Incluso en el ámbito de la actual Constitución se han realizado cuatro elecciones presidenciales, las del año 2000 establecieron el nuevo orden institucional; las de 2006 permitieron superar el telúrico mandato en el cual Hugo Chávez perdió transitoriamente el poder; las de 2012 reflejaron la agonía del socialismo del siglo XXI agudizada por la muerte de su mentor; las de 2013, signadas por el fraude y la deslegitimación del régimen, desembocaron en la peor gestión presidencial de nuestra historia republicana, cuyo resultado ha puesto en entredicho nuestra existencia como nación.

Por tanto, estas presidenciales de 2018 hubieran podido ser el escenario propicio para un desenlace cónsono ante el apocalipsis que estremece al país. Lamentablemente, no ha sido así; la soberbia del poder ha envilecido el proceso electoral, lo ha contaminado utilizando como piltrafas el CNE y el TSJ; como albaceas de sus designios, adelantan elecciones a capricho, mezclan elección presidencial con las de diputados y concejales, y degradan el ámbito y la majestad de las instituciones a una cadena presidencial, donde el mandatario nacional ordena al CNE hacer elecciones en la fecha que este anuncia.

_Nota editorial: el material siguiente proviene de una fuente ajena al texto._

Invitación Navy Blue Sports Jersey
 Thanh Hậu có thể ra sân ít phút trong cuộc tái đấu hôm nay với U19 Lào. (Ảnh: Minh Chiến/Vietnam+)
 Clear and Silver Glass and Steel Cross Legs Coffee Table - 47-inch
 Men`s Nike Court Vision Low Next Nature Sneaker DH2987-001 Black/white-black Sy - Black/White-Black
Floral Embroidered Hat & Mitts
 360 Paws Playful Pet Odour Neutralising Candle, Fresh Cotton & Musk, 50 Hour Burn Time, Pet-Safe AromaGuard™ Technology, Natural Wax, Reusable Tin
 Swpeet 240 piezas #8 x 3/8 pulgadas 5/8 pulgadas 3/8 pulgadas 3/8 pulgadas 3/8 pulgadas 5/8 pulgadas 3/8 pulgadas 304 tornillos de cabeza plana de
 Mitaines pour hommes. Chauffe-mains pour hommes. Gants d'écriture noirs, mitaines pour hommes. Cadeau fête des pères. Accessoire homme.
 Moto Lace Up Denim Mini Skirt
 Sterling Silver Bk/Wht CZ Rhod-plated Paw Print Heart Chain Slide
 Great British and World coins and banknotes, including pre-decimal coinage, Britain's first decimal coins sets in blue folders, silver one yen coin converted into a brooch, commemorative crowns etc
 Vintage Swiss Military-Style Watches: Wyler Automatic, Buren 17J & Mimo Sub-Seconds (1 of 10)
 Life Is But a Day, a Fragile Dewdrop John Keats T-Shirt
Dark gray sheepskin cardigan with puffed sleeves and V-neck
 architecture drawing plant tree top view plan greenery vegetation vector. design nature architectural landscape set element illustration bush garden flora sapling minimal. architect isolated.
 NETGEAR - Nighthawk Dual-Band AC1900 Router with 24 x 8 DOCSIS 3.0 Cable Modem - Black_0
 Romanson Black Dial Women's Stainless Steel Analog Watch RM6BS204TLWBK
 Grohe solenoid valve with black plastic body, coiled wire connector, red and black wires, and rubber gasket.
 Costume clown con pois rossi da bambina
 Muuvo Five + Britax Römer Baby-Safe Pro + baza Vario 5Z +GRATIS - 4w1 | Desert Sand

Definitivamente, este escenario grotesco ha determinado el desprecio de la comunidad internacional por la convocatoria unilateral a elecciones, y la reticencia de la mayoría de la población a asistir el 20 de mayo a convalidar un fraude similar al de la ANC inconstitucional, cuando presenciamos el 30/07/2017 los centros de votación similares a un cementerio para en la tarde conocer que por arte de magia “habían sufragado más de 8.000.000 de electores”.

La arrogancia gubernamental condena al país al naufragio, de realizarse las elecciones presidenciales en las actuales condiciones, bien sea porque no tuvo una dirigencia opositora a la altura de las circunstancias o porque prefiera, aun sabiendo que es despreciado por la mayoría de la población, llevar a Venezuela a una etapa indeseable de oscurantismo, en que las revueltas sociales producto de la hambruna, asonadas militares, guerras civiles, cruentas dictaduras han puesto en riesgo el género humano en otras latitudes.